I’m claiming this one, kind of. Brentford head in to Saturday afternoon’s game with Crystal Palace still buzzing off the back of beating Fulham 3-0 and now knowing a former Bee – with significant Premier League experience – signed a year’s contract at the Gtech on Friday. This is no 0898 121108 Bob Booker moment, though.
Who amongst us, over a certain age, could forget that pre-internet phone bill the payer would never see again? This, after dialling the infamous 33p a minute peak time / 25p off peak landline number to find out which top flight player that third division Brentford had signed. Peter Gilham’s dulcet tones were no compensation for the somewhat underwhelming feeling 180 seconds later that rather than a Gary Lineker, John Barnes or Gordon Strachan the reveal was …Welcome back, Bob Booker!
I know that I called up. As did my friends.

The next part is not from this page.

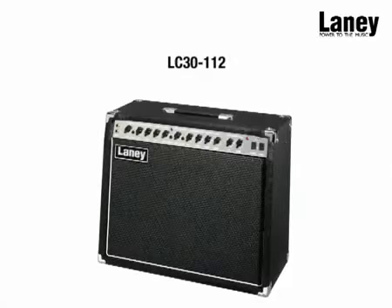For more information on the LC3112, visit the Laney website at laney.co.uk.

Extrapolate this out amongst the broader fan base and at a time when every penny really counted, it was genius.
As we all know, Bob is a club legend and through no fault of his was simply the wrong man in the wrong place for a story that has acquired a sort of rose-tinted infamy. However, with Matthew Benham posting a cryptic clue on Thursday c/o the GPG, it seemed Brentford had an incoming player. The video from Pulp Fiction saw desperate attempts to crowbar in Brennan Johnson and Nicolás González, amongst other mega-million names that have been doing the rumour mill recently.
In the end, it was hiding in plain sight. Samuel L Jackson = Saman Ghoddos. Sam/Sam, with the former even seeming to make a G sign for good measure.
I’m really buzzing about this news. I loved Saman at Brentford and his return couldn’t come at a better time. Thomas Frank revealing in the Crystal Palace presser that both Shandon Baptiste (dislocated shoulder) and Josh Dasilva (hamstring) face lengthy periods on the sidelines.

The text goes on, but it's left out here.